Looks like you’re right. My information is out of date. It’s funny, but the footnote in the Wikipedia article leads to the government summary of the requirements, which is 18 months in wood for each, as Italian Wine Central says:

This eliminates the difference in the minimum standards for normale and riserva, except for the bottle aging, since the alcohol and yields are the same for each.

I think the reality is Riserva’s will spend longer in wood than non-Riserva’s although not required by D.O.C.G law. Off the top of my head I think most spend between 30 to 42 months in barrel. On a side note I can’t recall every reading about a Barolo that only the minimum 18 months in wood either.

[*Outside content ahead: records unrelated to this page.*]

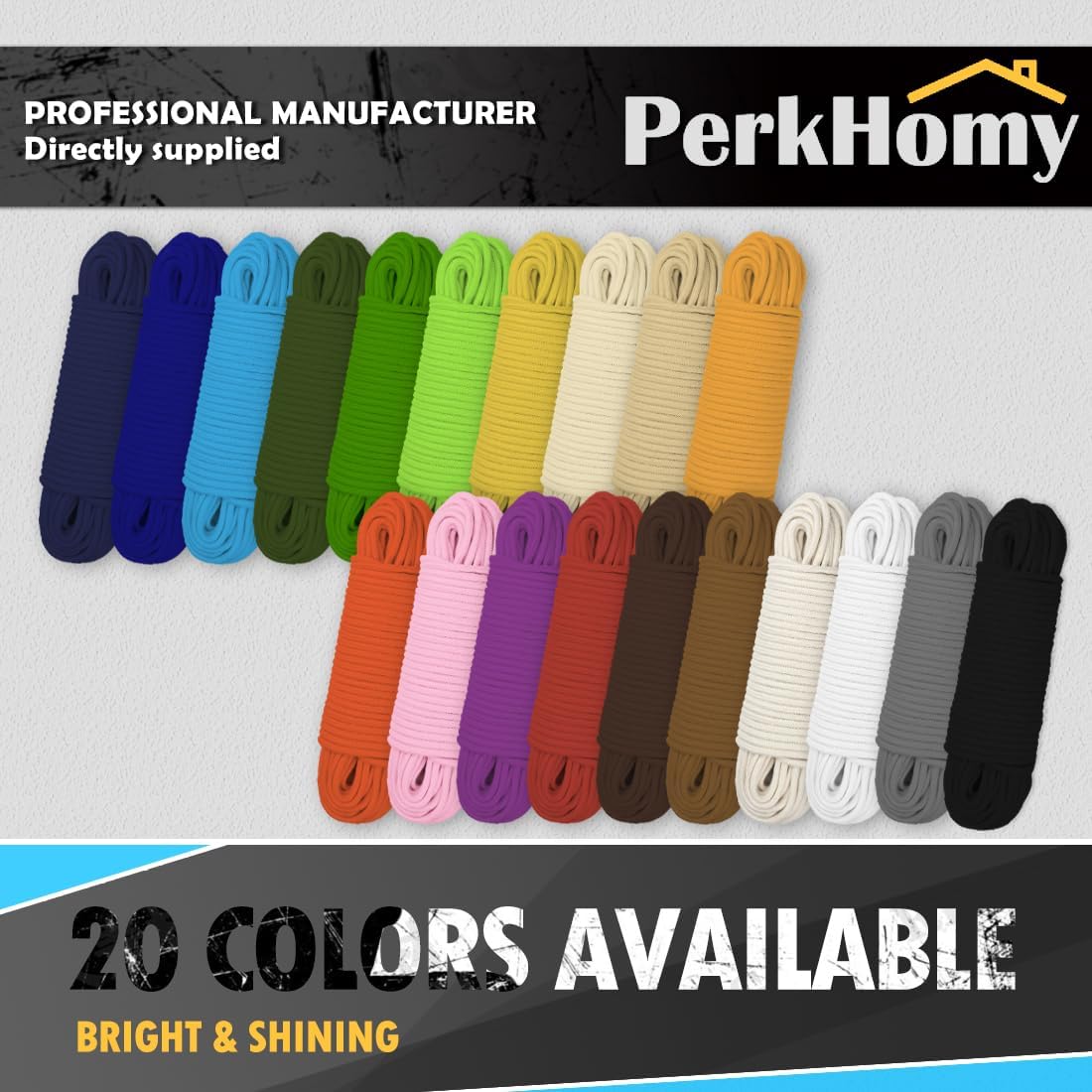 PerkHomy Cotton Rope 3/16" (5mm) 100 ft Multi Purpose Utility Diamond Braided Cord, Natural Cotton for Clothes Line Camping Crafting Flag Pole, Army Green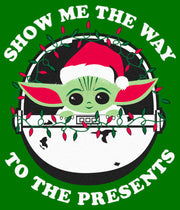 Men's Star Wars: The Mandalorian Christmas Grogu Show Me the Way to the Presents  Adult T-Shirt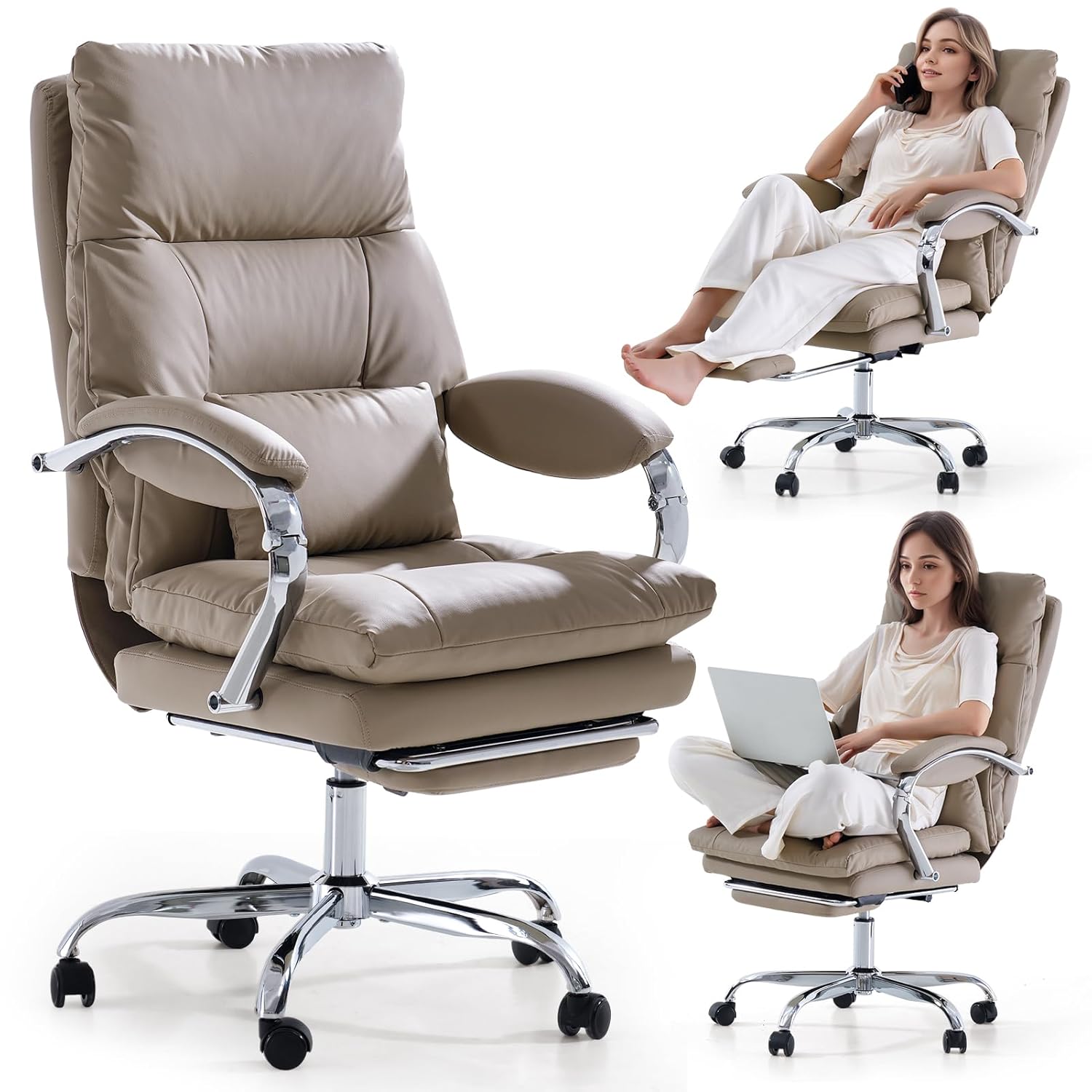 Silla de oficina con reposapiés, silla ejecutiva reclinable con brazos, respaldo alto ergonómico de cuero sintético, cómoda, personalizable.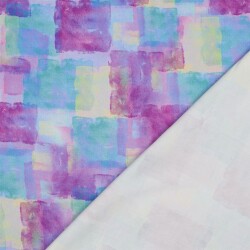 Viskose Jersey Digital Aquarellpunkte - blau/lila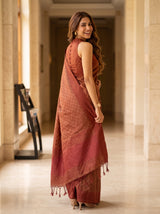 MIMOSA Peach Bengaluru Saree — pose 7 styling detail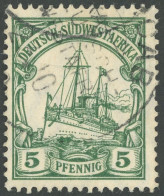 DSWA 25 O, ARIS, Teilabschlag Auf 5 Pf., Pracht - German South West Africa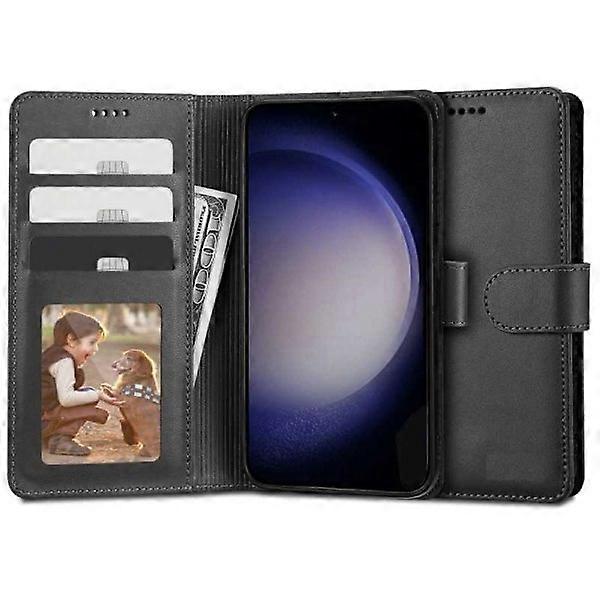 Compatible with Samsung S23 Plus Wallet Case PU Leather 4-COMPARTMENT Black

Yeah, my understanding is that in Piemonte it’s almost a subjective call by the individual producer. In Scavino’s case, he must like the Rocche 'dell Annunziata site because he generally releases it as his Riserva.

I use two superfine mesh filters, one nested inside the other and both inside a funnel, when decanting, with terrific results. I’ve almost given up using a candle.

One of the filters is a reusable lacquer filter and the other a reusable drip coffee filter.

That’s always been my impression.

Skurnik, the importer, says:

Scavino’s only constant Barolo riserva since 1990. Found in the village of La Morra, Annunziata is one of the most prestigious and historical Grand Cru of the Barolo zone. It shows great complexity, finesse and harmony. As opposed to the other Barolo, > Rocche Annunziata is aged 8-12 months more in large cask and 1 full year more in the bottle.

It’s not clear whether it’s aged in barrique at all before the cask. I know Scavino has cut way back on barrique usage over the past decade or so. Scavino’s website doesn’t give technical detail.